NVIDIA Clara Train 3.1
3.1

# ai4med.libs.optimizers package

## Submodules

class NovoGrad(learning_rate=1.0, beta1=0.95, beta2=0.98, epsilon=1e-08, weight_decay=0.0, grad_averaging=False, use_locking=False, name='NovoGrad')

Bases: tensorflow.python.training.momentum.MomentumOptimizer

Optimizer that implements SGD with layer-wise normalized gradients, when normalization is done by sqrt(ema(sqr(grads))), similar to Adam

Second moment = ema of Layer-wise sqr of grads:

v_t <– beta2*v_{t-1} + (1-beta2)*(g_t)^2

First moment has two mode: 1. moment of grads normalized by u_t:

m_t <- beta1*m_{t-1} + lr_t * [ g_t/sqrt(v_t+epsilon)]

1. moment similar to Adam: ema of grads normalized by u_t: m_t <- beta1*m_{t-1} + lr_t * [(1-beta1)*(g_t/sqrt(v_t+epsilon))]
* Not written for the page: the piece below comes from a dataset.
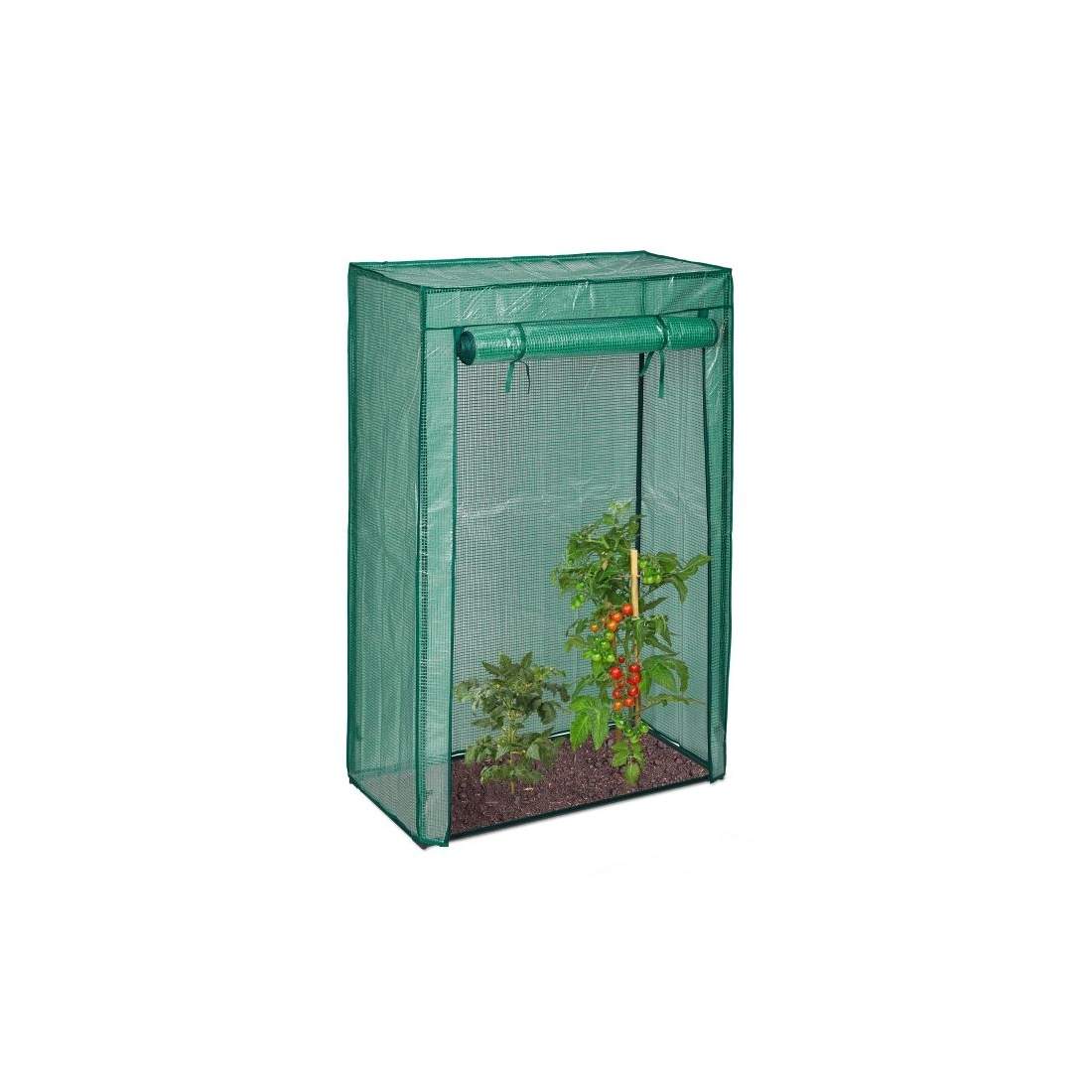 Växthus tomatodling | Hem & Hobby - Hem & Hushåll - Trädgårdsartiklar - Växthus | Pryloteket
if weight decay add wd term after grads are rescaled by 1/sqrt(v_t):

m_t <- beta1*m_{t-1} + lr_t * [g_t/sqrt(v_t+epsilon) + wd*w_{t-1}]

Weight update:

w_t <- w_{t-1} - *m_t

Parameters
• learning_rate – A Tensor or a floating point value. The learning rate.

• beta1 – A Tensor or a float, used in ema for momentum.Default = 0.95.

• beta2 – A Tensor or a float, used in ema for grad norms.Default = 0.99.

• epsilon – a float. Default = 1e-8.

• weight_decay – A Tensor or a float, Default = 0.0.

• grad_averaging – switch between Momentum and SAG, Default = False,

• use_locking – If True use locks for update operations.

• name – Optional, name prefix for the ops created when applying gradients. Defaults to “NovoGrad”.

• use_nesterov – If True use Nesterov Momentum.

Constructor:

Parameters
• learning_rate – A Tensor or a floating point value. The learning rate.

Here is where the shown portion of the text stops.